#### [Work to be completed]
Your output should consist of the lines from the first line of the records below through the one with "Iguana living in", exactly, minus the pictures.

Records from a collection
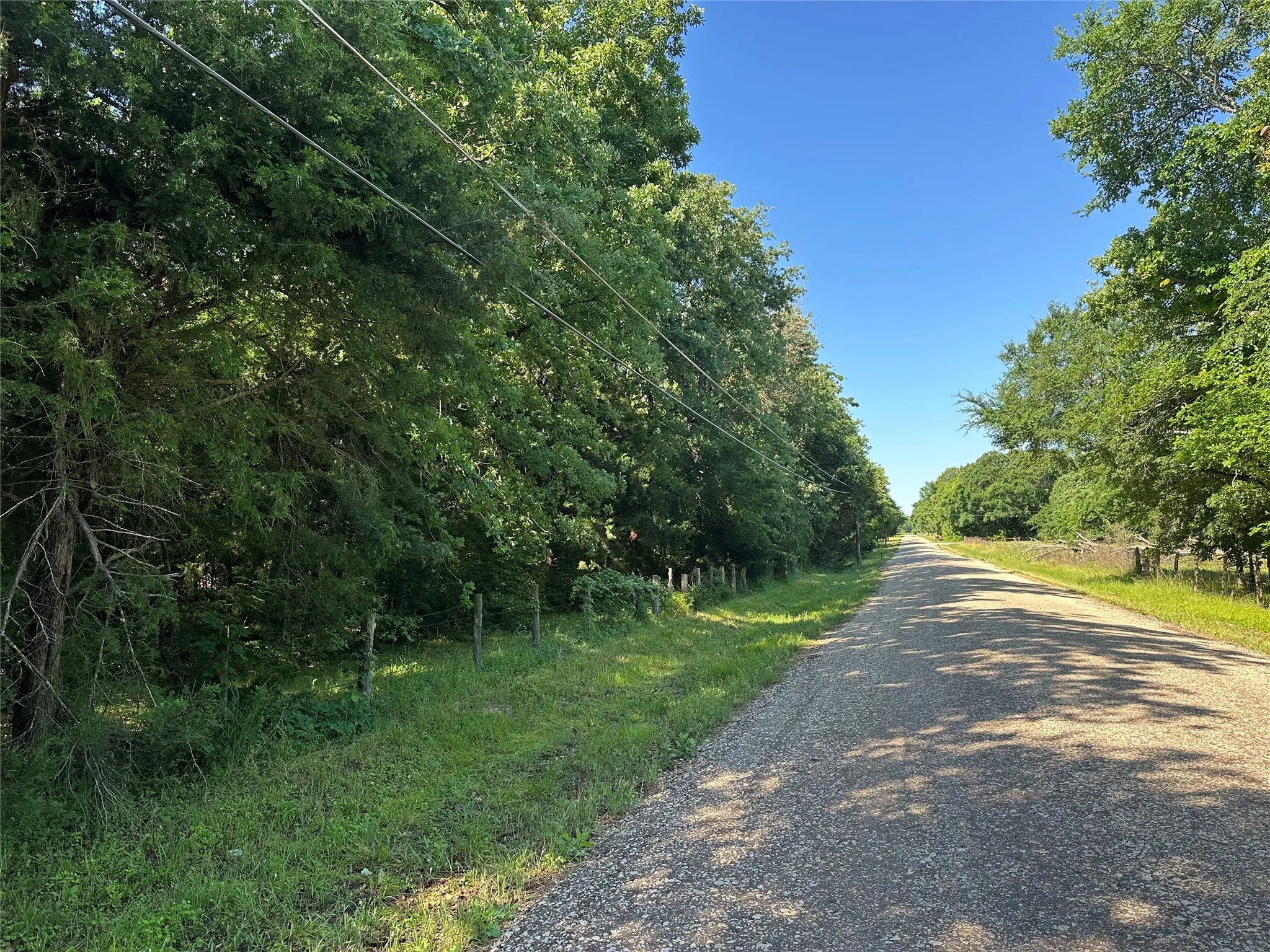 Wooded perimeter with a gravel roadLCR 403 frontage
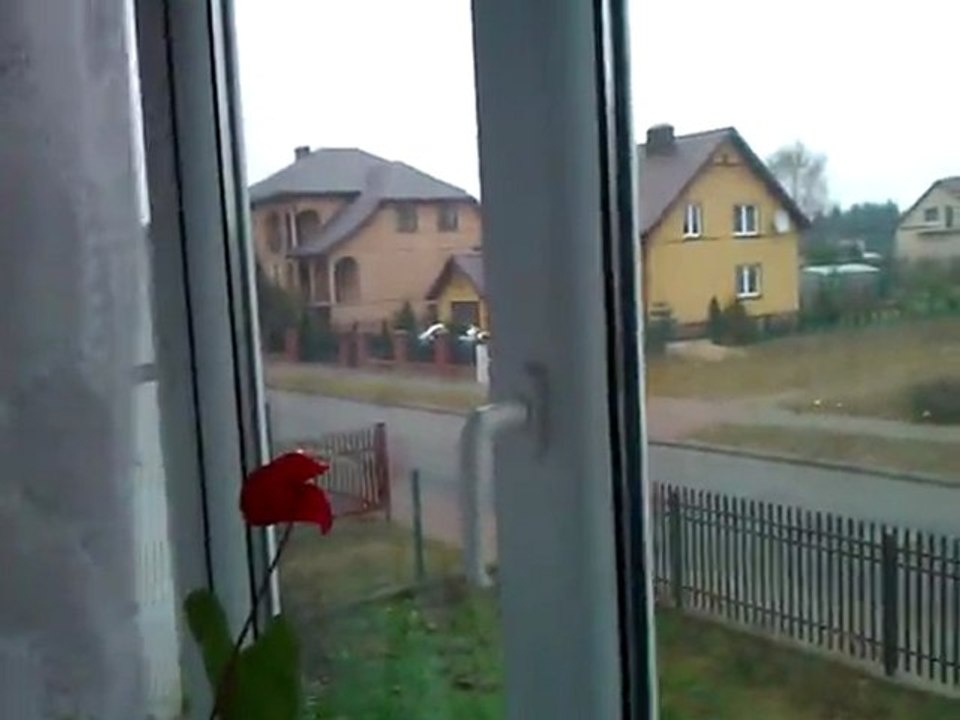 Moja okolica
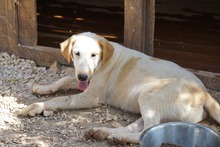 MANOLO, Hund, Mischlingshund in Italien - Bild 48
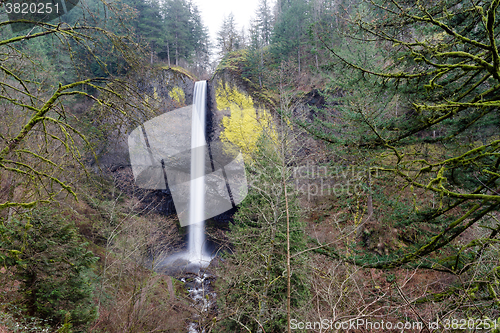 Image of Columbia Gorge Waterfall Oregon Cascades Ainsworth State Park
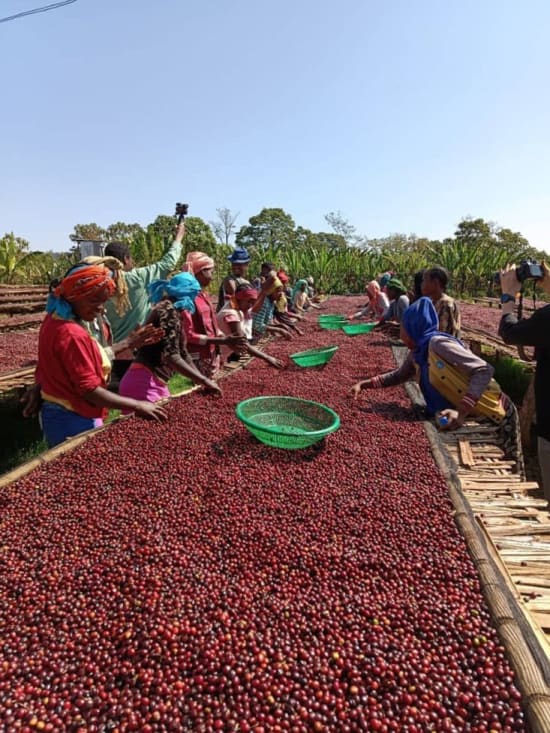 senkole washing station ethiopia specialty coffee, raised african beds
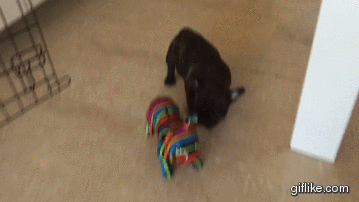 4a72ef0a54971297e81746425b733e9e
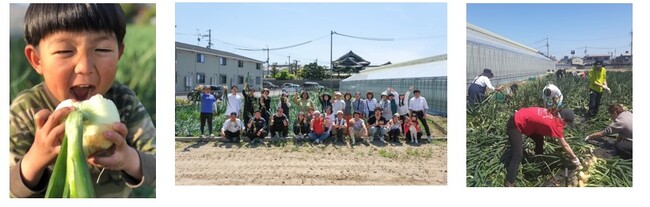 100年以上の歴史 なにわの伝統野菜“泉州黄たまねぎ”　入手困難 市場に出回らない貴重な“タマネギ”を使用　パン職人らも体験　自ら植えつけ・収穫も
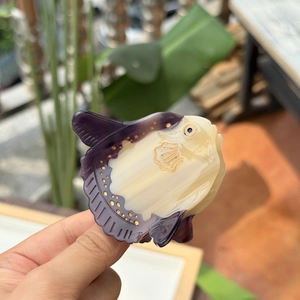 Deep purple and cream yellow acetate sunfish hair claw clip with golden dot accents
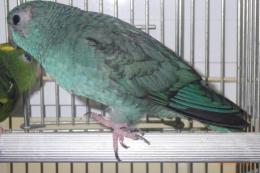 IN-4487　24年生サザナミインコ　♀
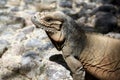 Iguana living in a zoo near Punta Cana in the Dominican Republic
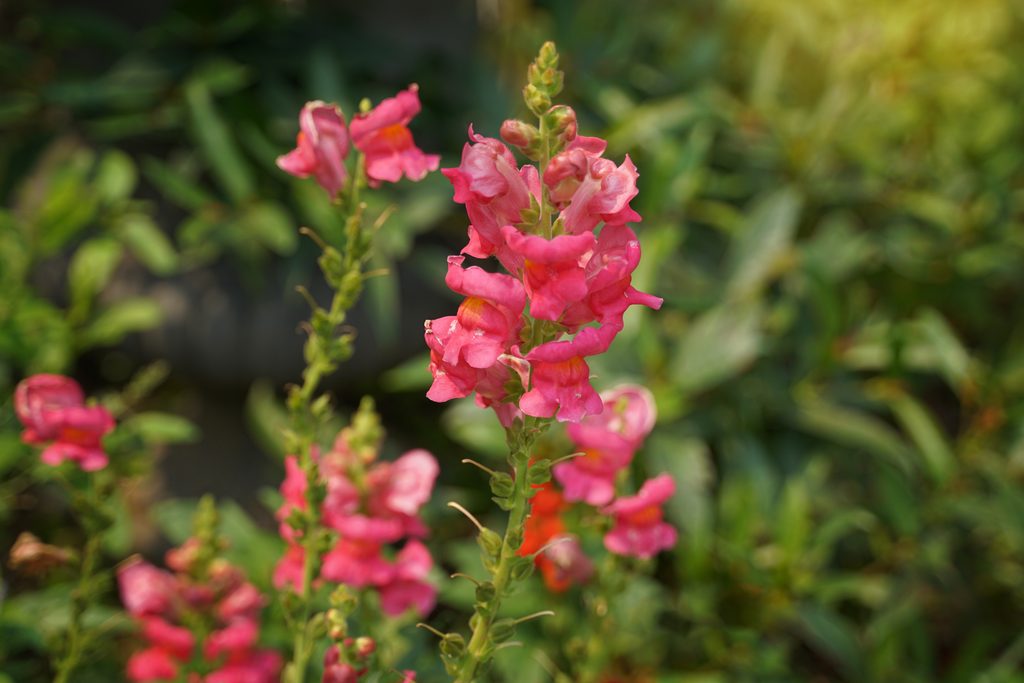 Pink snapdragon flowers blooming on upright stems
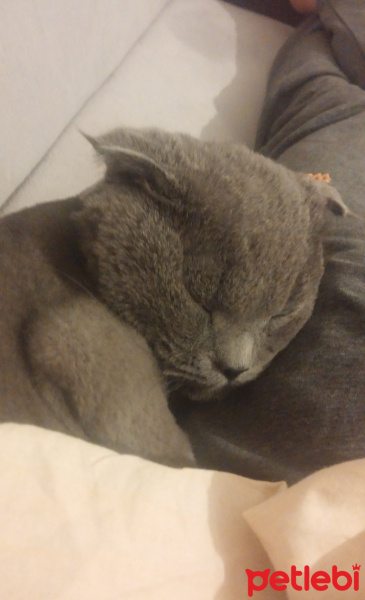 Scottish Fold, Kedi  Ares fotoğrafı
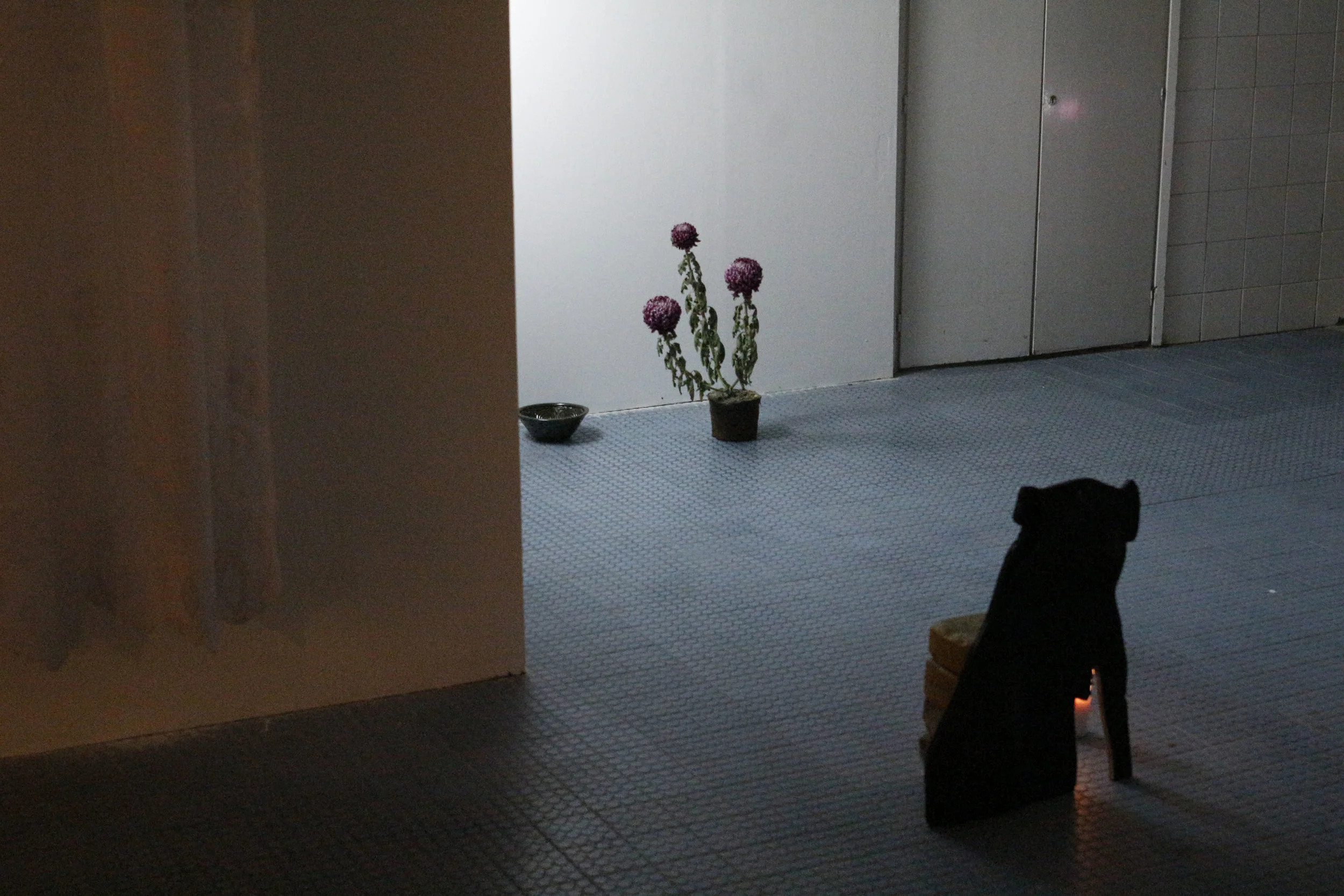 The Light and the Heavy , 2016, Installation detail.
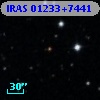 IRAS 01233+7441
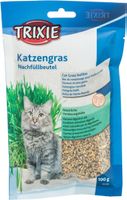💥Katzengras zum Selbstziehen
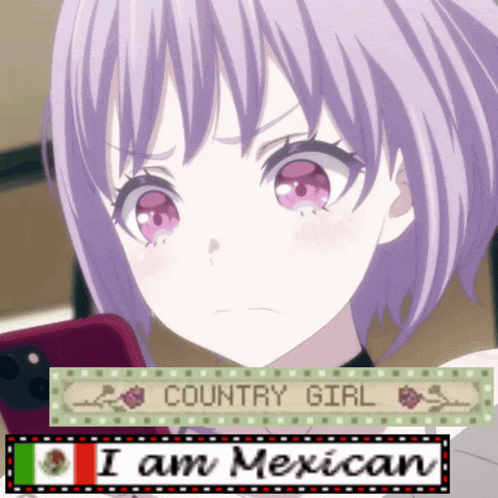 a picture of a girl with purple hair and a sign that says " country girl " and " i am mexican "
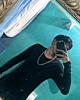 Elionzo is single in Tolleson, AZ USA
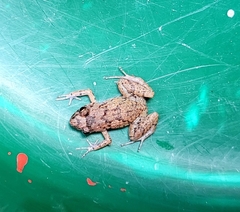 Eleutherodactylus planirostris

#### [Result of the exercise]
 Wooded perimeter with a gravel roadLCR 403 frontage
 Moja okolica
 MANOLO, Hund, Mischlingshund in Italien - Bild 48
 Image of Columbia Gorge Waterfall Oregon Cascades Ainsworth State Park
 senkole washing station ethiopia specialty coffee, raised african beds
 4a72ef0a54971297e81746425b733e9e
 100年以上の歴史 なにわの伝統野菜“泉州黄たまねぎ”　入手困難 市場に出回らない貴重な“タマネギ”を使用　パン職人らも体験　自ら植えつけ・収穫も
 Deep purple and cream yellow acetate sunfish hair claw clip with golden dot accents
 IN-4487　24年生サザナミインコ　♀
 Iguana living in a zoo near Punta Cana in the Dominican Republic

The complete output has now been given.